WHAT TO DO => In the records below, find the line holding "Garnier Color Naturals" and the line holding "Adobe Western Pearl Snap". Set down both, with every line between them, exactly.

[[ DATASET open ]]

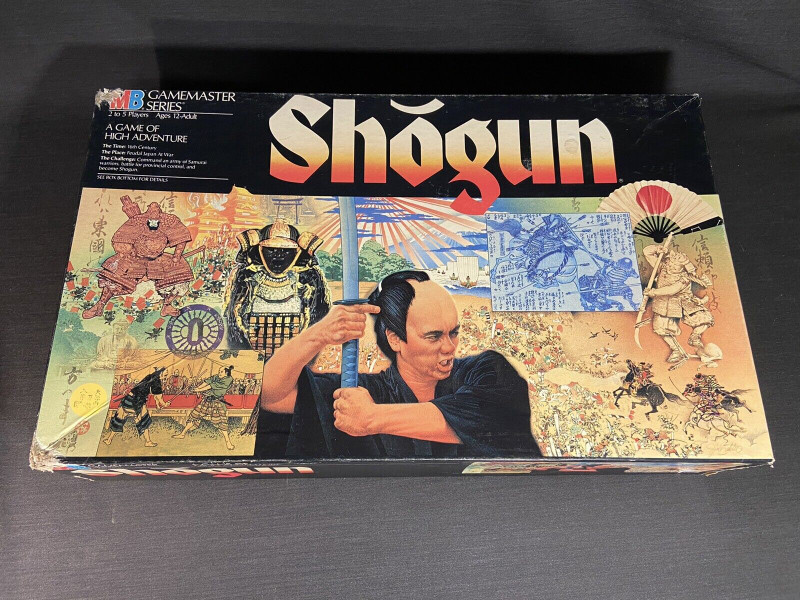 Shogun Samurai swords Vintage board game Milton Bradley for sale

[[ DATASET closed ]]
[[ DATASET open ]]

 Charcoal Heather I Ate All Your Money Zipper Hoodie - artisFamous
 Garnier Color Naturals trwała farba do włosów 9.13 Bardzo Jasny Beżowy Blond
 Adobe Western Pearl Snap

[[ DATASET closed ]]

TASK ANSWER =>
 Garnier Color Naturals trwała farba do włosów 9.13 Bardzo Jasny Beżowy Blond
 Adobe Western Pearl Snap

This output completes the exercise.